We acknowledge the Gadigal of the Eora Nation, the traditional custodians of the Country on which the Art Gallery of NSW stands.

Ian Waldron Imants Tillers

acrylic on canvas boards

204 x 143 cm

Imants Tillers is an artist, writer, curator and Art Gallery of NSW trustee. Well-known for making paintings composed of a grid of smaller, numbered canvases, he is considered a quintessentially postmodern artist in his use of appropriation and quotation. Since 1973 he has had numerous solo exhibitions in Australia, Europe and the United States and in 1986 he represented Australia at the Venice Biennale. Last year the National Gallery of Australia curated the first major survey of his paintings, entitled One world, many visions.

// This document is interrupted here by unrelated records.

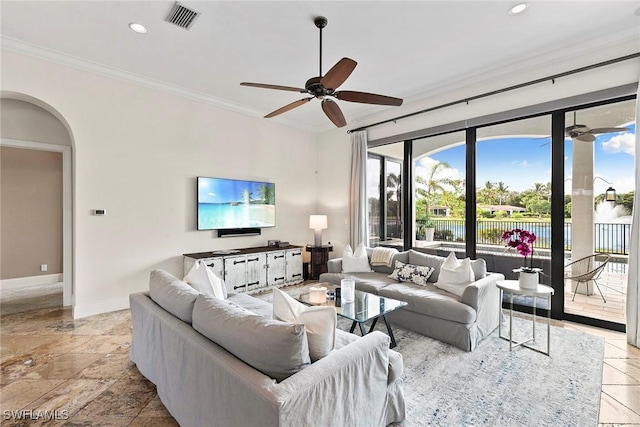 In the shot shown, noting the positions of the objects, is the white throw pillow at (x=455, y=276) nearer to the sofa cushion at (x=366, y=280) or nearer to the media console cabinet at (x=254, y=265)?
the sofa cushion at (x=366, y=280)

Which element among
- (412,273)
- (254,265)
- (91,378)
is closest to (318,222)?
(254,265)

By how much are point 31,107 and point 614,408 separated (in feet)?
23.2

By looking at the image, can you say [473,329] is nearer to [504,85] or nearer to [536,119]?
[536,119]

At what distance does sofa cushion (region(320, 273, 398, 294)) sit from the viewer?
380 centimetres

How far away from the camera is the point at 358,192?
5.62 metres

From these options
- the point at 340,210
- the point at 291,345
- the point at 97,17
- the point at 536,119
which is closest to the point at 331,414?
the point at 291,345

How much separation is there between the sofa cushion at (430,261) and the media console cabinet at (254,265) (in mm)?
2239

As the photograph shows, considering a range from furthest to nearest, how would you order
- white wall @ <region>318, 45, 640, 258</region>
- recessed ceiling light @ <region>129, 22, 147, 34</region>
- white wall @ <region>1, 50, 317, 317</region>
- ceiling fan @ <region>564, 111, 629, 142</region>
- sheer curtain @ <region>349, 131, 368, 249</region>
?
sheer curtain @ <region>349, 131, 368, 249</region> < white wall @ <region>1, 50, 317, 317</region> < ceiling fan @ <region>564, 111, 629, 142</region> < white wall @ <region>318, 45, 640, 258</region> < recessed ceiling light @ <region>129, 22, 147, 34</region>

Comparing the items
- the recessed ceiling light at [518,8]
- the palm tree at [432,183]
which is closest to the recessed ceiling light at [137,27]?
the recessed ceiling light at [518,8]

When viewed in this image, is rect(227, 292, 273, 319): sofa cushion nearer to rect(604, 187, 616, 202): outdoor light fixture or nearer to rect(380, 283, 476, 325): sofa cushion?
rect(380, 283, 476, 325): sofa cushion

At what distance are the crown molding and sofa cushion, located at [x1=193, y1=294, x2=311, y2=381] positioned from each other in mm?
3988

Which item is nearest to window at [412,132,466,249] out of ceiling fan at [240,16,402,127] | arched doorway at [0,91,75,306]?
ceiling fan at [240,16,402,127]

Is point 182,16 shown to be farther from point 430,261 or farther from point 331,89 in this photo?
point 430,261

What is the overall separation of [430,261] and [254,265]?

Ian Waldron first encountered Tillers’ work at university around ten years ago and says he took inspiration from it. They met when they both exhibited at the same exhibition in Brisbane and again when Waldron was hung in last year’s Wynne Prize. When he bumped into Tillers at his recent survey show in Canberra, Waldron asked if he would sit for a portrait.
‘Because I’m an Aboriginal artist, I used that kind of map in my work a long time ago and I’ve also used words in my paintings’, says Waldron. ‘Imants was doing a lot of appropriation based on that and so I thought I’d turn that around and appropriate what he did in that huge work of his, Terra nullius. The portrait also includes my country, Kurtjar Country. You can see it in the painting in a different colour to the rest so that is a reference to my place.’

Born in 1950, Waldron comes from Delta Downs in the Gulf of Carpentaria. He won the National Aboriginal and Torres Strait Islander (Telstra) Art Award (Open painting) in 1995 and has since been a finalist eight times. He was selected for the Telstra NATSIAA touring exhibition Celebrating 20 years in 2000. Waldron was a finalist in the 2006 Wynne Prize, the 1996 Alice Prize and the 1995 Dobell Drawing Prize.